## REQUIRED WORK:
Return nothing but the lines from the one with "face. It lies" through the one with "Book publishing would" in the data below, word for word and without pictures.

## ENTRIES PROVIDED:
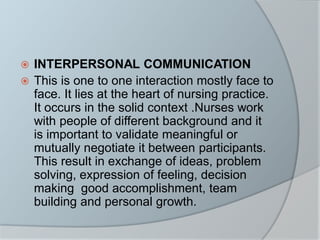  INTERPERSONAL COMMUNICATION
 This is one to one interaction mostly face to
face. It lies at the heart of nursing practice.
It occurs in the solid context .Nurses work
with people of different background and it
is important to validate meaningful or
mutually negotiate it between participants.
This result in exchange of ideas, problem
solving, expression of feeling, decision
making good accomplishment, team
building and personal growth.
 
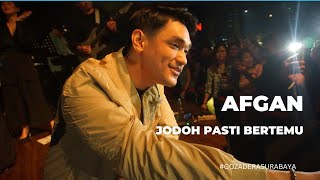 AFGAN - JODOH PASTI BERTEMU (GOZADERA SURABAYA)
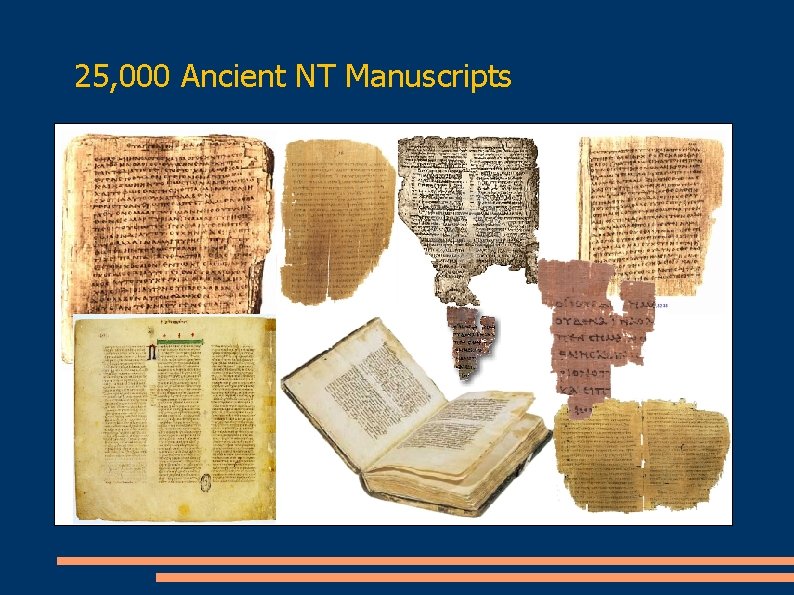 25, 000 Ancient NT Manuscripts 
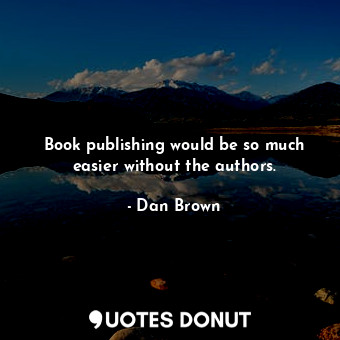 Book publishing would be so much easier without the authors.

--

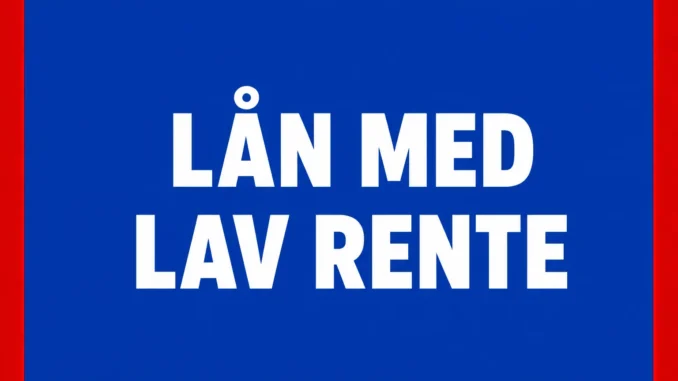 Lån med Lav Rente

==

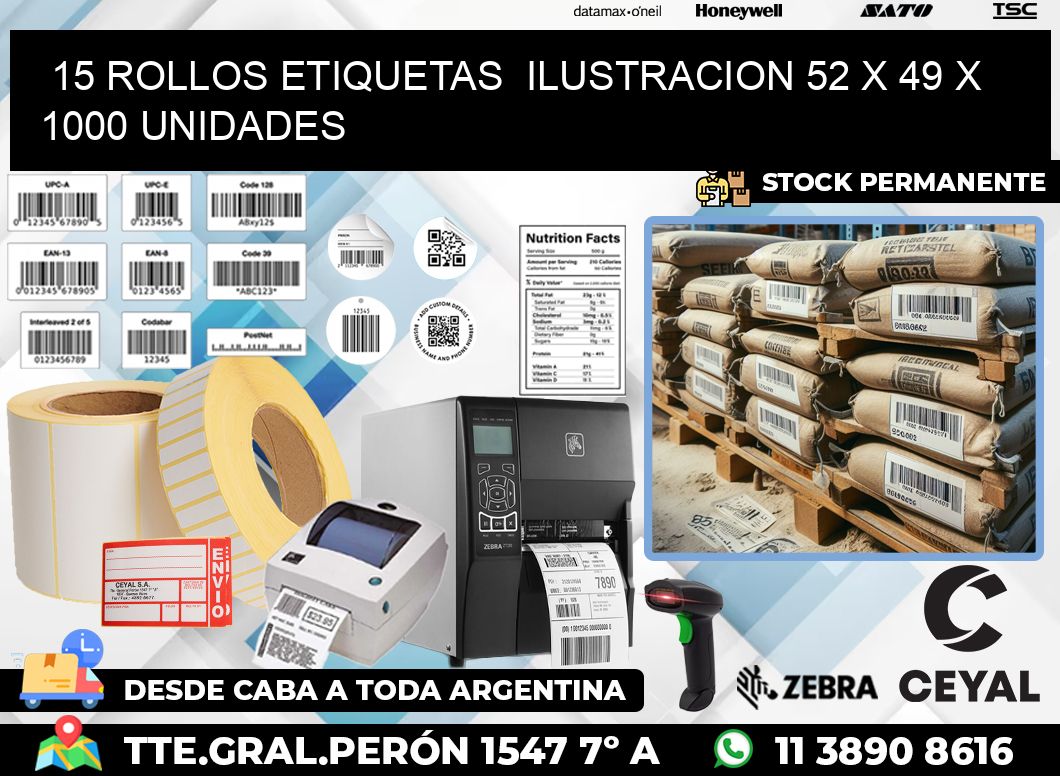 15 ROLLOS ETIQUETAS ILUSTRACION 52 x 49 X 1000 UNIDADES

## ANSWER AREA:
face. It lies at the heart of nursing practice.
It occurs in the solid context .Nurses work
with people of different background and it
is important to validate meaningful or
mutually negotiate it between participants.
This result in exchange of ideas, problem
solving, expression of feeling, decision
making good accomplishment, team
building and personal growth.
 
 AFGAN - JODOH PASTI BERTEMU (GOZADERA SURABAYA)
 25, 000 Ancient NT Manuscripts 
 Book publishing would be so much easier without the authors.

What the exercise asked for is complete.